Local Moran's I Results

• High-High Clusters (Red): Areas with high forensic values surrounded by similar high values

  • Interpretation: Potential systematic irregularities in neighboring areas
  • Action: Priority areas for detailed investigation

• Low-Low Clusters (Blue): Areas with low forensic values surrounded by similar low values

  • Interpretation: Regions with consistently normal patterns
  • Action: Lower priority for investigation

• High-Low Outliers (Orange): High values surrounded by low values

  • Interpretation: Isolated anomalies or data quality issues
  • Action: Investigate for administrative or data collection problems

• Low-High Outliers (Green): Low values surrounded by high values

  • Interpretation: Unusually clean areas within problematic regions
  • Action: Verify data accuracy or investigate protective factors

Getis-Ord Results

• Hot Spots (Red Shades): Statistically significant concentrations of high values

  • Interpretation: Geographic clustering of potential irregularities
  • Action: Focus investigative resources on these areas

• Cold Spots (Blue Shades): Statistically significant concentrations of low values

  • Interpretation: Areas with consistently normal electoral patterns
  • Action: Use as baseline comparisons or control areas

NonparamElectionForensics()

The NonparamElectionForensics function implements a revised version of Shpilkin's method for detecting election fraud through nonparametric analysis of vote distributions.

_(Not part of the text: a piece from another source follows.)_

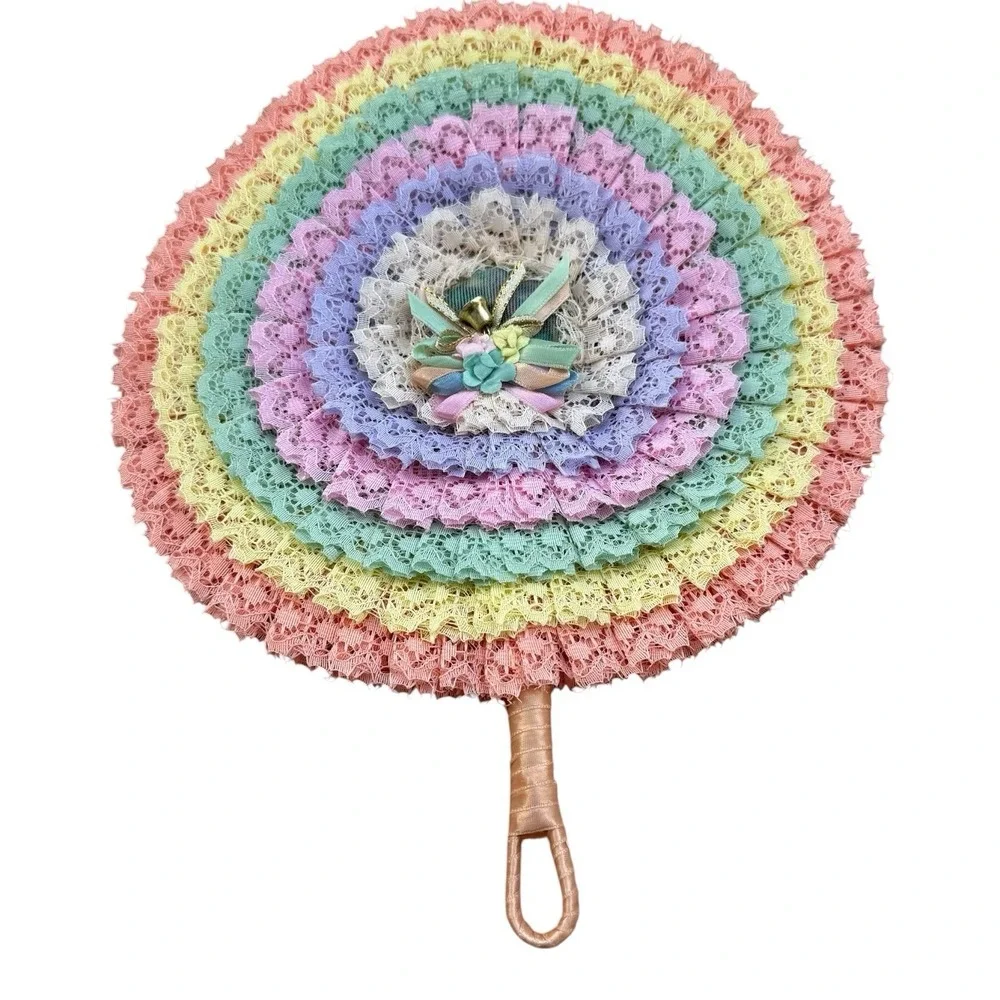 Pastel Rainbow Lace Ruffle Hand Fan Woven Straw Floral Decorative Cottagecore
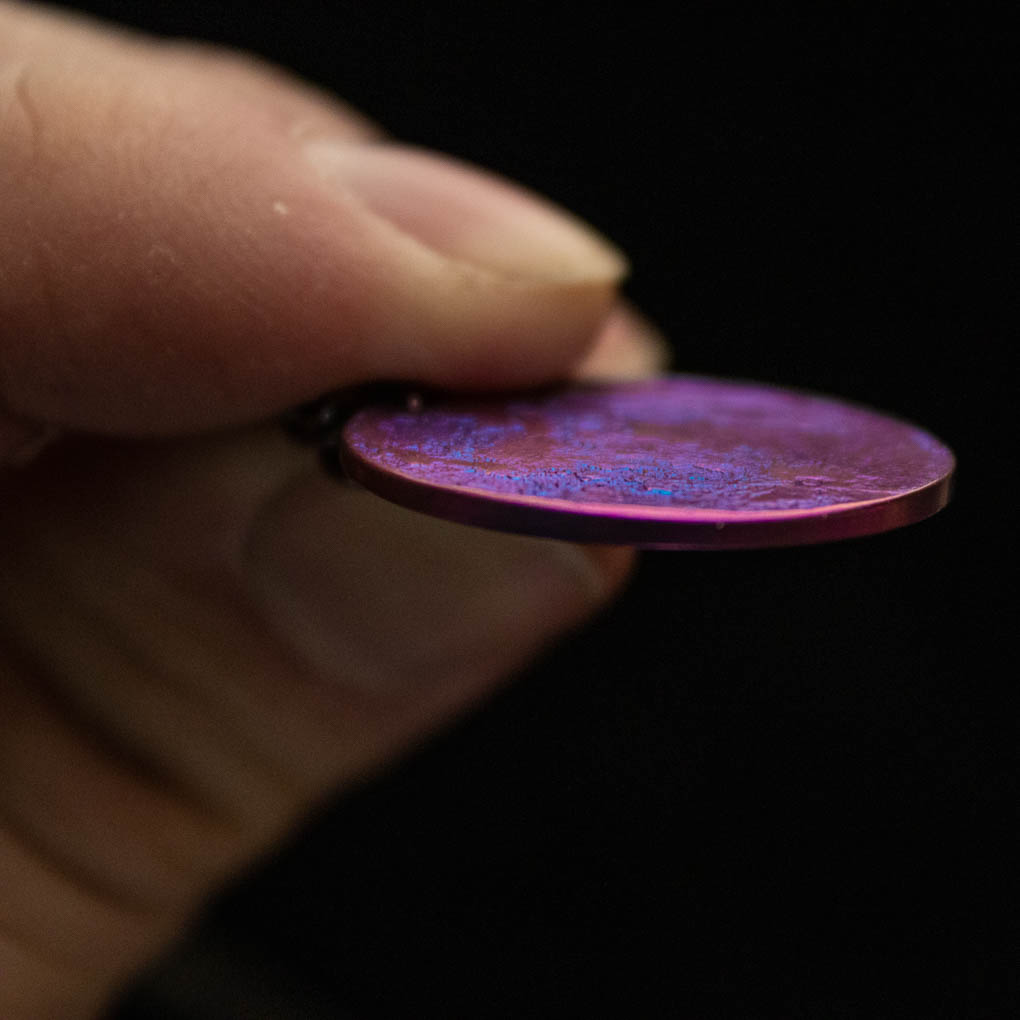 Blue and Purple Moon Necklace - 1 in / 26 mm Anodized Niobium Pendant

This method identifies anomalous voting patterns by analyzing the relationship between turnout and candidate support, detecting artificial vote inflation through statistical modeling of "clean" electoral behavior.

NonparamElectionForensics(data, Candidates, CandidatesText=NULL,
                         MainCandidate, TotalReg, TotalVotes=NULL,
                         Level=NULL, MaxThreshold=0.8,
                         FigureName, setcolors=NULL,
                         precinctLevel=TRUE, computeSD=NULL,
                         sims=10, mode_search=list(npeaks=5, sortstr=TRUE,
                                                  minpeakdistance=1, pick_by="height"),
                         man_turnout=NULL, grid_type="1D")

Input

Parameter	Type	Description
data	data.frame	Electoral data containing vote counts and registration information
Candidates	vector	Variable names for all candidates/parties in the election
CandidatesText	vector	Display names for candidates/parties (uses Candidates if NULL) (default: NULL)
MainCandidate	string	Variable name for main/incumbent candidate
TotalReg	string	Variable name for total number of eligible voters
TotalVotes	string	Variable name for total ballots cast (computed from candidates if NULL) (default: NULL)
Level	string	Variable for analysis level (default: "National")
MaxThreshold	numeric	Anomalous turnout threshold (default: 0.8)
FigureName	string	Title for generated figures
setcolors	vector	Custom color palette (random if NULL) (default: NULL)
precinctLevel	logical	Whether to compute precinct-level estimates (default: TRUE)
computeSD	string	Standard error method: "parametric" or "nonparametric" (default: NULL)
sims	numeric	Number of simulations for uncertainty estimation (default: 10)
mode_search	list	Clean peak search parameters
man_turnout	numeric	Manual clean peak turnout override (default: NULL)
grid_type	string	Estimation approach: "1D" or "2D" (default: "1D")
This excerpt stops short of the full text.